▸ **TASK DETAILS**: The lines to reproduce from the material below are those from the one containing "Modernes Badezimmer mit" through the one containing "Yakın plan - diş", both included; write them out exactly and add nothing.
** EXTRACTED RECORDS follows **
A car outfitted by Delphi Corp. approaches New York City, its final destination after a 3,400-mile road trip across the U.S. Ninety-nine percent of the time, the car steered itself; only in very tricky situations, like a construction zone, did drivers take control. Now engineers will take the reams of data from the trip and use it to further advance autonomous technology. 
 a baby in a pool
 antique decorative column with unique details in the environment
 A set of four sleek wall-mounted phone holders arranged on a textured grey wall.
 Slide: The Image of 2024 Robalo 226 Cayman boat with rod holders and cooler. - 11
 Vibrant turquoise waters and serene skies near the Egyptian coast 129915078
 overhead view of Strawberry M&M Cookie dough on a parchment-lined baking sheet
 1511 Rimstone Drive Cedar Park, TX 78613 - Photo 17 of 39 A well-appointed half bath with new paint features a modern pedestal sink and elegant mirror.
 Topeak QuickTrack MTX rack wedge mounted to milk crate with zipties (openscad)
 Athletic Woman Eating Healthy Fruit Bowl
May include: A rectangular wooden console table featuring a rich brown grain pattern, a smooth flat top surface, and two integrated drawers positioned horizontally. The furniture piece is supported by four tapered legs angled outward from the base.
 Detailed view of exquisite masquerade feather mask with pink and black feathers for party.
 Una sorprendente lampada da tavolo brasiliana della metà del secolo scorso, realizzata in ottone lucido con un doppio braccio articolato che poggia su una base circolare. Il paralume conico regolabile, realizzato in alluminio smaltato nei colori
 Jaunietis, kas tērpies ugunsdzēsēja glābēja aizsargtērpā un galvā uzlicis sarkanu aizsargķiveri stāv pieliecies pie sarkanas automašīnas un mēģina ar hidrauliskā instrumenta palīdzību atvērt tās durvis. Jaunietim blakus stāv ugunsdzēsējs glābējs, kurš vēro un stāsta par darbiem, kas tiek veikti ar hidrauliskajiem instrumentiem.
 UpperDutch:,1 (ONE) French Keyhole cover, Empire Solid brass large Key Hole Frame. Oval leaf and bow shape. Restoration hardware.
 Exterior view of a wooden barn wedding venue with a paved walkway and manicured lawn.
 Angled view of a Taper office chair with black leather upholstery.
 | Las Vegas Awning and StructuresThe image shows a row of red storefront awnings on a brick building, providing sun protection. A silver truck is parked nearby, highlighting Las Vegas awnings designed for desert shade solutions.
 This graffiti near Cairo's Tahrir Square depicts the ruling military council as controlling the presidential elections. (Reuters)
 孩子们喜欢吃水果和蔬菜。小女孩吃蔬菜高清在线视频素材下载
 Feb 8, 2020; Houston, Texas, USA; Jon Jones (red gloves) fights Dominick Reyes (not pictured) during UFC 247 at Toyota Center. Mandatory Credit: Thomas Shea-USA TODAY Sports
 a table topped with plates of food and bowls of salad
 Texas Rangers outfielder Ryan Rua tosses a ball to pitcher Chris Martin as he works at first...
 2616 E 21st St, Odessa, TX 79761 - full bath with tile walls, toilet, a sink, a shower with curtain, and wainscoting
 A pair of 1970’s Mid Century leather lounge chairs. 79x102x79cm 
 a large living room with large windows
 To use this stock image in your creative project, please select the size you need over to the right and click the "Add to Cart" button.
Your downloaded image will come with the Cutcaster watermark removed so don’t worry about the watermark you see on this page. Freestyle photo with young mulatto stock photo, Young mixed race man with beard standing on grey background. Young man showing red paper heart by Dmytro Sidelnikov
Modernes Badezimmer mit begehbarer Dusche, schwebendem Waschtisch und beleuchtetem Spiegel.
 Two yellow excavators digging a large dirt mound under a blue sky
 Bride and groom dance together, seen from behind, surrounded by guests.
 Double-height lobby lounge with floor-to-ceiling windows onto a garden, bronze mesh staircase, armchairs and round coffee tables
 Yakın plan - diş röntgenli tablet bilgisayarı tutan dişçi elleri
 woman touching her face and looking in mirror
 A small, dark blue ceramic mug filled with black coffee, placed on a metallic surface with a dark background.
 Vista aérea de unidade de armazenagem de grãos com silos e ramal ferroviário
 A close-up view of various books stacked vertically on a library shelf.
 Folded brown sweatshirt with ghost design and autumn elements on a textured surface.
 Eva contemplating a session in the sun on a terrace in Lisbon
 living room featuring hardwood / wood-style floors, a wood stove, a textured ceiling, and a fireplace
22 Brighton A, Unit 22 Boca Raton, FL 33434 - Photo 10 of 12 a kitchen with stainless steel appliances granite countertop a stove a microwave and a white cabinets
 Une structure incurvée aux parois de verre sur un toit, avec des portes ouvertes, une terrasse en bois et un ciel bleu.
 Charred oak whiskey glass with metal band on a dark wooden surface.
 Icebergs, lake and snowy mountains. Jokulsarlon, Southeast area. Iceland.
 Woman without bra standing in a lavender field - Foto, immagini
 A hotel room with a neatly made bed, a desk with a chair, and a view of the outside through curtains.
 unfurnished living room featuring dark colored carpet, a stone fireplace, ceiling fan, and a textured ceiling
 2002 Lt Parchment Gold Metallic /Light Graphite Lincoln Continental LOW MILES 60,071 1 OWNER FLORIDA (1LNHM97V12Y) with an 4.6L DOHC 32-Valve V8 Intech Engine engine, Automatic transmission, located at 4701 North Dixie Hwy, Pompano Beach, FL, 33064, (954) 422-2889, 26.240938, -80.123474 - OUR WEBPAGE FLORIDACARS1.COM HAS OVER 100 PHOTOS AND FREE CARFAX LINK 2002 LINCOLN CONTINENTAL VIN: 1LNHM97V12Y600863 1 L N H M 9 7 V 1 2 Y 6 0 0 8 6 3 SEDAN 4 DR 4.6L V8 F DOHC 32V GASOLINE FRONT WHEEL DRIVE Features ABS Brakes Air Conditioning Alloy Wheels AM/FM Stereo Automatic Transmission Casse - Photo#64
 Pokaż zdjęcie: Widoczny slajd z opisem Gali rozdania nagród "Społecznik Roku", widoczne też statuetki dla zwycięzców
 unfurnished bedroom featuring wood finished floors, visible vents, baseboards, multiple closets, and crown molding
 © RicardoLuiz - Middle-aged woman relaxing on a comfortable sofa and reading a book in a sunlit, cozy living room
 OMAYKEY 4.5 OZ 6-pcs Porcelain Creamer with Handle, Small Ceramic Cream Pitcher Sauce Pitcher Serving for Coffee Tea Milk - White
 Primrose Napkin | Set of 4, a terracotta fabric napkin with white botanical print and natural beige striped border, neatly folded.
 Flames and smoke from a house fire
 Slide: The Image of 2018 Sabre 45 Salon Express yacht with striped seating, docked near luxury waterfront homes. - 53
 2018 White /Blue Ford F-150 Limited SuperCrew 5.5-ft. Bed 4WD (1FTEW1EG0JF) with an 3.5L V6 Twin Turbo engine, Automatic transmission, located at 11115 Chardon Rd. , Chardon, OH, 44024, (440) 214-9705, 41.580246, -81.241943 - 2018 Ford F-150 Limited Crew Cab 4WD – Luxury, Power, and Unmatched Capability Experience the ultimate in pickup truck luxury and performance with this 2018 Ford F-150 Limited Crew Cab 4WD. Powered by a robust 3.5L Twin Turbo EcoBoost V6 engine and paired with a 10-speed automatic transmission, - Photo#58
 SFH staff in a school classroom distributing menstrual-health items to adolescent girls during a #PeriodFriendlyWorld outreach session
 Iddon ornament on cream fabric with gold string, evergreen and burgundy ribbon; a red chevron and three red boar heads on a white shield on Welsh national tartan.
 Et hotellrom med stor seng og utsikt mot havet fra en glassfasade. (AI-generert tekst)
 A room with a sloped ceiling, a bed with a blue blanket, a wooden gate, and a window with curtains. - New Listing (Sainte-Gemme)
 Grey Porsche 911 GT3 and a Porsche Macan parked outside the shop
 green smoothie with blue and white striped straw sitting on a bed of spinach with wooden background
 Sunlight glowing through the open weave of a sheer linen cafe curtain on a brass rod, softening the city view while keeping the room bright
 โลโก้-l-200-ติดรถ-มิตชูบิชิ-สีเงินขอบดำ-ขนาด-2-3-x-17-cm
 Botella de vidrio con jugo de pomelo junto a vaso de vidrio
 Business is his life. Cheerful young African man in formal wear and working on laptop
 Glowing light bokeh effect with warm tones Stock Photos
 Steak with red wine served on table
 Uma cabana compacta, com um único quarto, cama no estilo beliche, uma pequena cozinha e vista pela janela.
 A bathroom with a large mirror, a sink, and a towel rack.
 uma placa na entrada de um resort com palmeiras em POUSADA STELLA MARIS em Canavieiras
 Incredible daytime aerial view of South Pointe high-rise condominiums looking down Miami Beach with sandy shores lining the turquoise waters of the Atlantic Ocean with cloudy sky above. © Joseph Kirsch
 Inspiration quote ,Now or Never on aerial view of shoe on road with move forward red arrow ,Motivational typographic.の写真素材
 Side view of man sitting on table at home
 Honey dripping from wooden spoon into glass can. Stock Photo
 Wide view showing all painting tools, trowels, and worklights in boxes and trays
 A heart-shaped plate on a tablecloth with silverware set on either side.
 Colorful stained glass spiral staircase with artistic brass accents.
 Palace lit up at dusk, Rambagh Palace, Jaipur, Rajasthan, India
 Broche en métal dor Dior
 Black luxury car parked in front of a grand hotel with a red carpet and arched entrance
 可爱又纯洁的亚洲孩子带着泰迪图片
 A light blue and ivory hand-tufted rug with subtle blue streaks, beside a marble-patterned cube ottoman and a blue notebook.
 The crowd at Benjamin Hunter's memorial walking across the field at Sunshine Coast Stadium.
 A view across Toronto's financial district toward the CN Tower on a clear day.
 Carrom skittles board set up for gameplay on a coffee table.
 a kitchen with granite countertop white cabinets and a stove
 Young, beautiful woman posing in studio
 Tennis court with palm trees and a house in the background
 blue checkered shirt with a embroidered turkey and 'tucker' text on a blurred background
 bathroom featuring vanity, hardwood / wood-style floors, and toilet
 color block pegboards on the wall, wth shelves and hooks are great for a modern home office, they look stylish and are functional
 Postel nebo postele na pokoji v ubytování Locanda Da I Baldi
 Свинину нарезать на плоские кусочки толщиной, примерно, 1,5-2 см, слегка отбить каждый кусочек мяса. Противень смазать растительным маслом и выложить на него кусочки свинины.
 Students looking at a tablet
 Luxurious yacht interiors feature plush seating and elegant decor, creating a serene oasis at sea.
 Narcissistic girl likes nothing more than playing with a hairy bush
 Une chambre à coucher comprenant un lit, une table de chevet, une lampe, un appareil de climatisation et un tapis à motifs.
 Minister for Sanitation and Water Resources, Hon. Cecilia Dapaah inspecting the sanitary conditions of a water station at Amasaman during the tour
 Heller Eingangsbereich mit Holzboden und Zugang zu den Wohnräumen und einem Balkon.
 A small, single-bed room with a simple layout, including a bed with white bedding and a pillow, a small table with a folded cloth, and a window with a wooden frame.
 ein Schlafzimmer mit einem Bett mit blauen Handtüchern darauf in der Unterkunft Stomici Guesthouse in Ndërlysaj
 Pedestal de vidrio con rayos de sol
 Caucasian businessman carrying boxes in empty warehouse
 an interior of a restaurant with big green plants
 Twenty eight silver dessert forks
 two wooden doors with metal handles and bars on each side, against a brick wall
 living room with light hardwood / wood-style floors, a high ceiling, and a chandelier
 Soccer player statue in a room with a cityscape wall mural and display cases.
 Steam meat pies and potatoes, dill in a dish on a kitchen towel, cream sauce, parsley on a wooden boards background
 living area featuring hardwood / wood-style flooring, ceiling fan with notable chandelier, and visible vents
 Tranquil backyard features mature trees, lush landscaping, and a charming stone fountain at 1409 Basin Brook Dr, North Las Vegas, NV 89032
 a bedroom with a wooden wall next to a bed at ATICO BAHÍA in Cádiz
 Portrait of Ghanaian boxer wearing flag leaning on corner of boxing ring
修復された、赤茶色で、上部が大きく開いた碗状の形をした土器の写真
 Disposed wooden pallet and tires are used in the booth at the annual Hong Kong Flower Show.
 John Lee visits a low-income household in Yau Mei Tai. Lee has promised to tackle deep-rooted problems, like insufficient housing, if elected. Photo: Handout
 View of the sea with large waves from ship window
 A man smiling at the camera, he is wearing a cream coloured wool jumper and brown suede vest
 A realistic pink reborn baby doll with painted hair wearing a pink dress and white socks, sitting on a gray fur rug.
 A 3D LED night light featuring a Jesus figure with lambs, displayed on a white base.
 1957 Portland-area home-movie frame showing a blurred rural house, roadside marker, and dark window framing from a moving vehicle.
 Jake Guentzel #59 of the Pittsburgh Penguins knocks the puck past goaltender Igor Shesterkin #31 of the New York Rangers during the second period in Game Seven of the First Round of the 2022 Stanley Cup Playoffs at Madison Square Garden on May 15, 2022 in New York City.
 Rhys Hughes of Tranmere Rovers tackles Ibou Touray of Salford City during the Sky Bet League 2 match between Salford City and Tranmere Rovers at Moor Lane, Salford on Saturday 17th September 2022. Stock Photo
** End of EXTRACTED RECORDS **
▸ **ANSWER TO THIS PROBLEM**:
Modernes Badezimmer mit begehbarer Dusche, schwebendem Waschtisch und beleuchtetem Spiegel.
 Two yellow excavators digging a large dirt mound under a blue sky
 Bride and groom dance together, seen from behind, surrounded by guests.
 Double-height lobby lounge with floor-to-ceiling windows onto a garden, bronze mesh staircase, armchairs and round coffee tables
 Yakın plan - diş röntgenli tablet bilgisayarı tutan dişçi elleri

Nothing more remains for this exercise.